● Task brief:
The expected output is a verbatim reprint of the lines from the beginning of the data that follows through the line that contains "Sorel Joan of".

***

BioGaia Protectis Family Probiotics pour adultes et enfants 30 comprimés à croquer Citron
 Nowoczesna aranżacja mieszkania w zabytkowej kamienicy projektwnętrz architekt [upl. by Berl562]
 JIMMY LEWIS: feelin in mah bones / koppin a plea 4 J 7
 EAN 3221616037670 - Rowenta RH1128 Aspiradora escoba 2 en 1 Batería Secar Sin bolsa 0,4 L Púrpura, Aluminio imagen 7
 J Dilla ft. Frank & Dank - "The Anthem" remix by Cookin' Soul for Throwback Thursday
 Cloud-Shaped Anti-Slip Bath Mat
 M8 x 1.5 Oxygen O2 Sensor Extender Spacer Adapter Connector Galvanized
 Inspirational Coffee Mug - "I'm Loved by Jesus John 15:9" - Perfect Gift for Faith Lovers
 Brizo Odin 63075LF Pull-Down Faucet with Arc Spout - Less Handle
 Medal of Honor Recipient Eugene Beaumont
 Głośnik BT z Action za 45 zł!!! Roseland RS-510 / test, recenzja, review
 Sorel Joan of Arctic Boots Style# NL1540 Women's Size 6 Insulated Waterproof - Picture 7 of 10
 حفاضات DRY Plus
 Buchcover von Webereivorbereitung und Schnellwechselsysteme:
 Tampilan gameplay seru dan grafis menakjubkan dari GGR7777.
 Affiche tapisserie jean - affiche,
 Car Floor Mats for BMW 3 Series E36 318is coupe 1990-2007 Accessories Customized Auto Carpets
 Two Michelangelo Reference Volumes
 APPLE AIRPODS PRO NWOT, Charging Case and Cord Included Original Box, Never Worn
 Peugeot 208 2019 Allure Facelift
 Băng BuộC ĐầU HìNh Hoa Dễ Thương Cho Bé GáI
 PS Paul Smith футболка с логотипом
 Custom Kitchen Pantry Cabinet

***

● Expected answer:
BioGaia Protectis Family Probiotics pour adultes et enfants 30 comprimés à croquer Citron
 Nowoczesna aranżacja mieszkania w zabytkowej kamienicy projektwnętrz architekt [upl. by Berl562]
 JIMMY LEWIS: feelin in mah bones / koppin a plea 4 J 7
 EAN 3221616037670 - Rowenta RH1128 Aspiradora escoba 2 en 1 Batería Secar Sin bolsa 0,4 L Púrpura, Aluminio imagen 7
 J Dilla ft. Frank & Dank - "The Anthem" remix by Cookin' Soul for Throwback Thursday
 Cloud-Shaped Anti-Slip Bath Mat
 M8 x 1.5 Oxygen O2 Sensor Extender Spacer Adapter Connector Galvanized
 Inspirational Coffee Mug - "I'm Loved by Jesus John 15:9" - Perfect Gift for Faith Lovers
 Brizo Odin 63075LF Pull-Down Faucet with Arc Spout - Less Handle
 Medal of Honor Recipient Eugene Beaumont
 Głośnik BT z Action za 45 zł!!! Roseland RS-510 / test, recenzja, review
 Sorel Joan of Arctic Boots Style# NL1540 Women's Size 6 Insulated Waterproof - Picture 7 of 10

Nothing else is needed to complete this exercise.